You have a bit of a mishmash of variable assignments and usage, which I won't get into. But I'll show how to configure iptables to get incoming ssh to your machine.

I notice too, you might be overlooking the fact that some of the lines you are deleting and rearranging have no effect anyway. Lines started with the hash (#) symbol are merely comments.

When you removed "#iptables -A INPUT -p TCP --dport ssh -i ${WAN} -j ACCEPT", that had no effect at all.
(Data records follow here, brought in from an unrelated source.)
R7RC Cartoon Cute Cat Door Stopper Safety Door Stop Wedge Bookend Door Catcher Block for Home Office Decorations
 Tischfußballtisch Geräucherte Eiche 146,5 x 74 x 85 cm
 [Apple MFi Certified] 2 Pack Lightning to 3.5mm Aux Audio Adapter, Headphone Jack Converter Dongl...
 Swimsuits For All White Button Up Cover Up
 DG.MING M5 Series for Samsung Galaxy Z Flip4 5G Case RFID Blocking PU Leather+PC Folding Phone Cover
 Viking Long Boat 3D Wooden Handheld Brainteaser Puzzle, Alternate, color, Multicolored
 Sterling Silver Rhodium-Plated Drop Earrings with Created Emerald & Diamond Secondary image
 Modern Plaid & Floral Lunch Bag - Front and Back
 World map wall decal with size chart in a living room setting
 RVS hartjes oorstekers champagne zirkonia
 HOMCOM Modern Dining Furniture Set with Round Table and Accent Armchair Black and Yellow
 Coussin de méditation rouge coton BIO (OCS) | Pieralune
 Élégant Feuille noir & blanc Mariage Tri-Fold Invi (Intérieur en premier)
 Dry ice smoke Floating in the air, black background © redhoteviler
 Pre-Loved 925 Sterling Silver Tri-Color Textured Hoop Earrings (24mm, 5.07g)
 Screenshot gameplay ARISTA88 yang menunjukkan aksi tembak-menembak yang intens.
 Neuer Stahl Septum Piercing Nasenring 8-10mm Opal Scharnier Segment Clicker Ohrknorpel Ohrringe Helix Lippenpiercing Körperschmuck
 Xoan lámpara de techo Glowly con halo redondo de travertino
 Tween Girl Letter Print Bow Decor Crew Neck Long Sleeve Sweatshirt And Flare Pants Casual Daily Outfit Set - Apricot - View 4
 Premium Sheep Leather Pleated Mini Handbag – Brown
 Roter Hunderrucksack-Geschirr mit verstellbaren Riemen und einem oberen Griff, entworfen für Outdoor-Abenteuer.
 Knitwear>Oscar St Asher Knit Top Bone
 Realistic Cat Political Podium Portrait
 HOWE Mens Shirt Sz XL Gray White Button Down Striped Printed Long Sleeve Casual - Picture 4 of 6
What you need in order to have connections from the outside, destined for your ssh daemon, is to allow NEW packets headed for port 28 (your pick of port assignment) to be routed to whichever machine will field ssh connection requests. If the router machine is the one handling ssh, then you want to allow these packets with an INPUT rule, not an OUTPUT rule.

Separately from that, iptables should also be configured to allow ESTABLISHED traffic to run, without first passing through a bunch of iptables tests.

Code:
iptables -A INPUT -m conntrack --ctstate ESTABLISHED,RELATED -j ACCEPT


As an aside, if you put this command early in your script, the rule will be near the top of your INPUT firewall chain. I learned, late in my tinkering with iptables, that one can use "-I" (insert) instead of "-A" (append), and the rule is inserted either at the top (default) or in a specified numerical position in the firewall chain. Generically, keep in mind that the final firewall chains don't necessarily have the same order of links as the order of link creation in your firewall building script.

To allow traffic destined for port 28 on the firewall/router machine, you would use this command ...

Code:
iptables -A INPUT -p tcp --dport 28 -j ACCEPT


You can narrow that rule to allow only --dport 28 hitting the ${WAN} interface hardware, or only the ${LAN} interface hardware, but I think you do NOT want to do that.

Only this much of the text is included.